Program: Oral and Poster Abstracts
Session: 634. Myeloproliferative Syndromes: Clinical: Poster II
Methods: MPN cases positive for CALR mutations were retrieved from our database over a period of 14 months. CALR, JAK2, and MPL mutation analyses were performed by either fragment analysis with Sanger sequencing confirmation or Next-Generation sequencing. Chromosome analysis and FISH with probes for 5p15/5q31, 7p11/7q31, 8cen, 20q, and t(9;22) were performed in all cases. Other parameters obtained included age, gender, hemoglobin, WBC, platelet count, bone marrow blasts and histology, and JAK2/MPL mutation status. The data were analyzed with independent sample t-tests and a 2-tailed chi-square test.

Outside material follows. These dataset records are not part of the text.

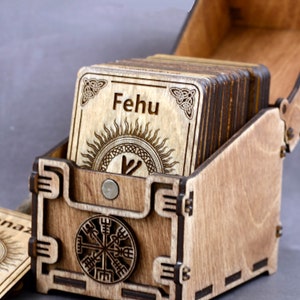 May include: Wooden box with a hinged lid, containing a set of wooden rune cards. The top card features the rune "Fehu" and a sun symbol. The bottom of the box has a compass design.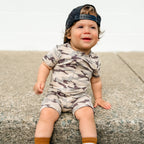 Child wearing a camouflage onesie and cap sitting on a concrete surface.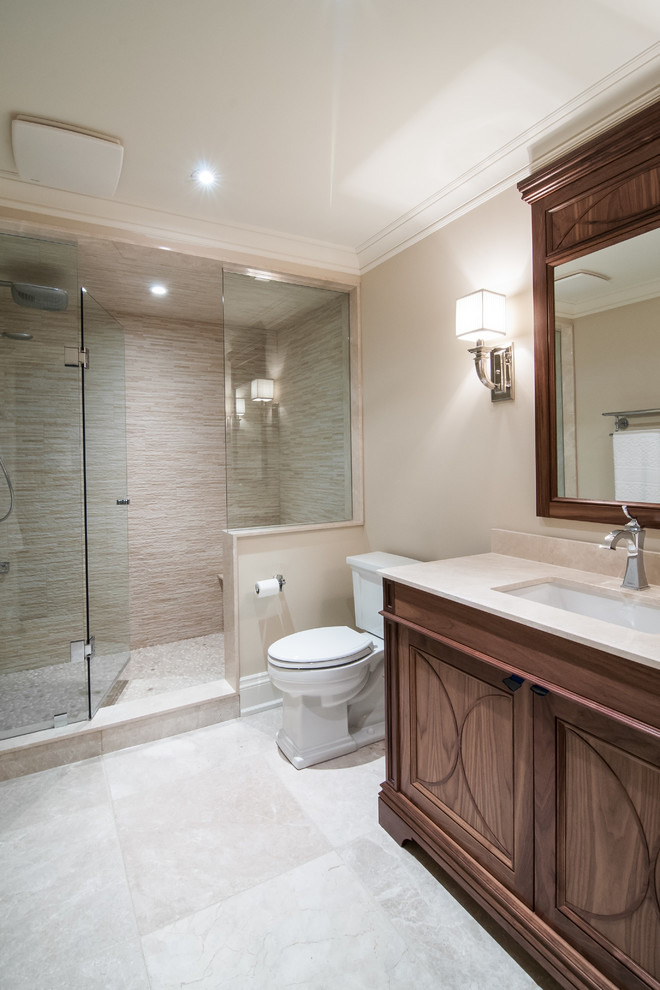 Пример оригинального дизайна: большая ванная комната в классическом стиле с фасадами с утопленной филенкой, фасадами цвета дерева среднего тона, душем в нише, унитазом-моноблоком, бежевой плиткой, галечной плиткой, бежевыми стенами, полом из известняка, душевой кабиной, врезной раковиной и мраморной столешницей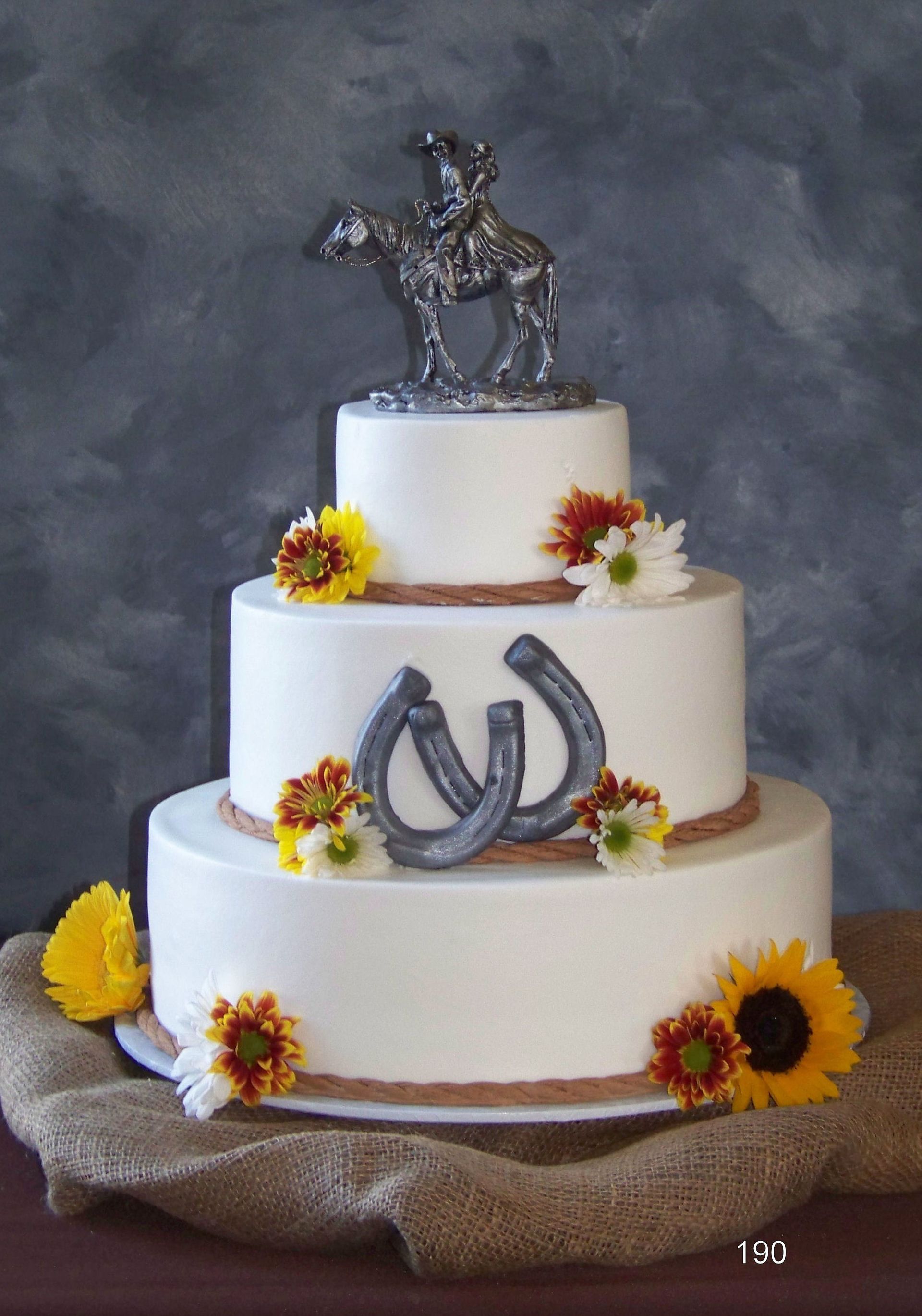 Three-tier white cake with silver horse topper, horseshoe emblem, and yellow-orange flowers on a rustic base
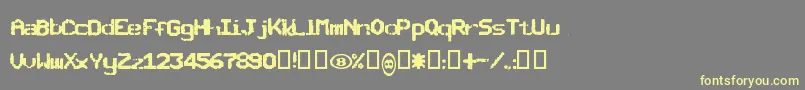 Шрифт Sncbisho – жёлтые шрифты на сером фоне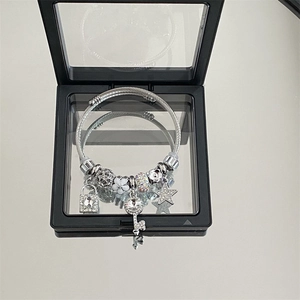 Macro detail of silver charm bracelet with key and star pendants in a black jewelry box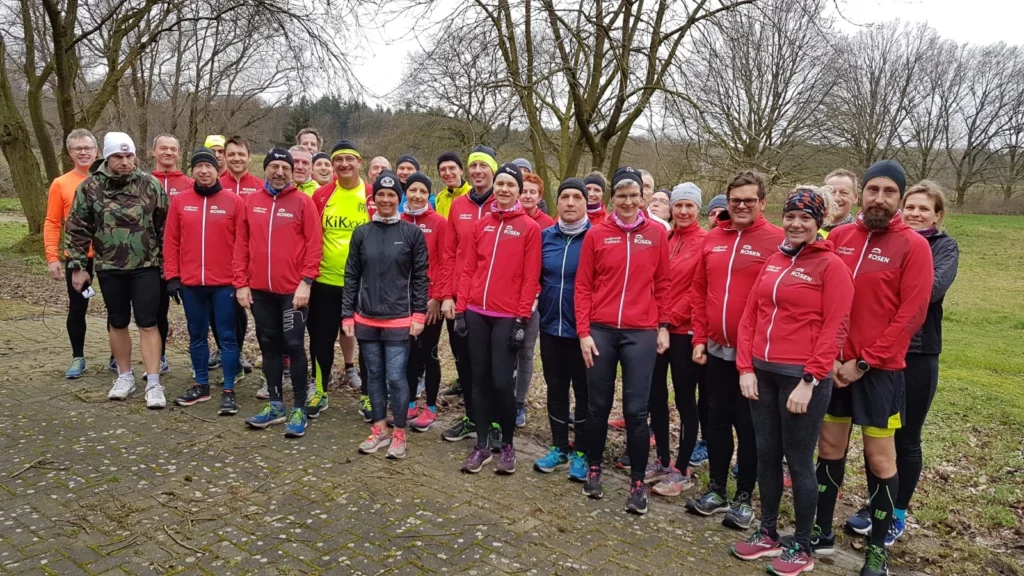 Gruppe von Läufern in roten Jacken posiert im Freien bei einem Parklauf; kaltes Wetter, kahlköpfige Bäume im Hintergrund.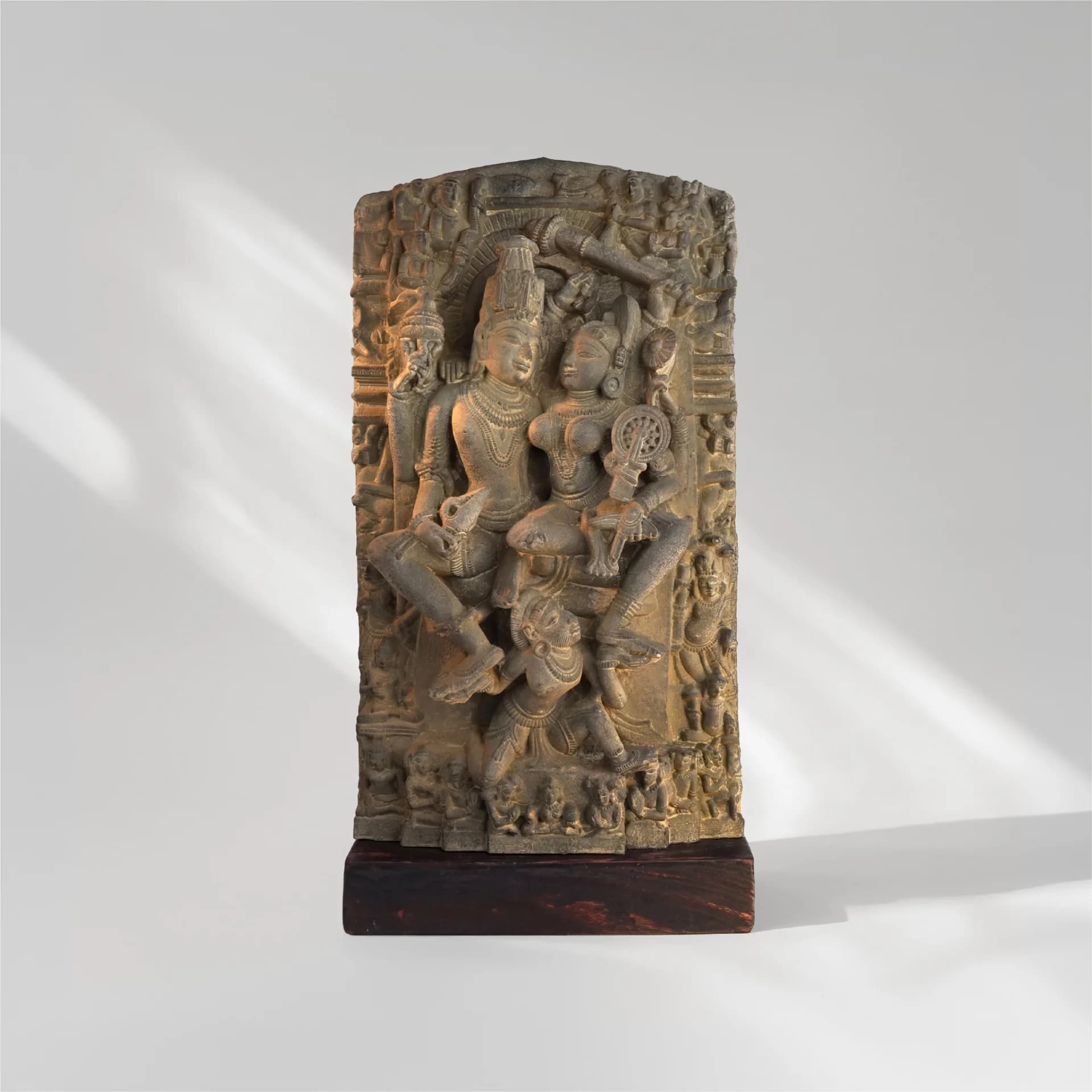 A front view of the Lakshmi Narayan Sculpture featuring intricate stone-carved details of the divine couple on a wooden base.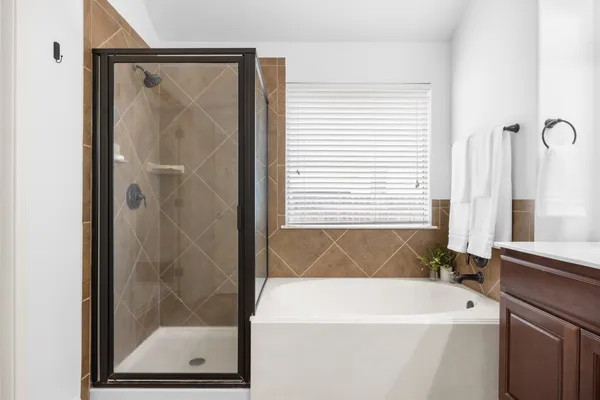 a bathroom with a granite countertop sink and a mirror with toilet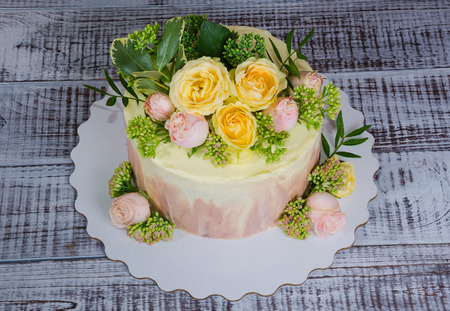 ombre wedding cake decorated with roses and some greeneryの写真素材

Results: A total of 100 consecutive cases of CALR mutated MPNs were identified, 86 of which had available marrow specimens for morphologic subclassification. We further studied the cohort of 86 cases, including 37 ET and 49 PMF patients. 49 were male and 37 female with a median age of 67 (range 31-88) years. 49 (57%) patients had type 1, 28 (33%) had type 2, and 9 (10%) exhibited other types of mutations. No JAK or MPL mutation was found in any cases. Among patients with type 1 mutations, 22 (46%) were ET and 27 (54%) were PMF. Type 2 mutations were seen in 9 (33%) ET and 19 (67%) PMF patients. Notably, 5 cases of ET with type 2 mutations displayed atypical megakaryocytic hyperplasia with variable size and tight aggregates. In contrast, ET with type 1 mutations generally exhibited large megakaryocytes with hyperlobated nuclei. Two cases of PMF with type 2 mutations had a remote history of ET and may represent myelofibrotic transformation. ET patients with type 2 mutations had lower marrow cellularity (mean: 40% vs. 57%; p=0.014) than those with type 1 mutations. There were no statistically significant differences in age, gender, average hemoglobin, WBC, platelet count, marrow blasts, or reticulin fibrosis between the two ET subgroups. While no significant differences in various parameters were observed between PMF patients with type 1 and type 2 mutations, type 2 mutations showed a trend toward a higher platelet count (mean: 714 K/uL vs. 513 K/uL; p=0.086). Chromosome abnormalities were seen in 12 cases (23%), including 11 cases of PMF and 1 case of ET. Among PMF cases, cytogenetic abnormalities were less frequently associated with type 1 mutation (3/27) than type 2 and other types of mutations (8/22) (6% vs. 36%; p=0.035). The number of cases with other types of CALR mutations was small (3 ET and 6 PMF); therefore, comparison of those cases with cases from type 1 or type 2 mutated groups was precluded.
Conclusions: ET patients with type 2 mutations showed less marrow cellularity and more megakaryocytic abnormalities associated with PMF compared to those with type 1 mutations. Our observations may raise the question whether ET patients with type 2 CALR mutations are more likely to progress to post-ET myelofibrosis. Type 2 mutations were also associated with a higher platelet count and higher frequency of cytogenetic abnormalities in PMF. Thus, CALR type 2 mutations may have a greater impact on megakaryocytic hyperplasia and platelet count production. We hypothesize that CALR type 1 and type 2 mutations represent different disease subgroups with pathogenic and prognostic implications.
Disclosures: No relevant conflicts of interest to declare.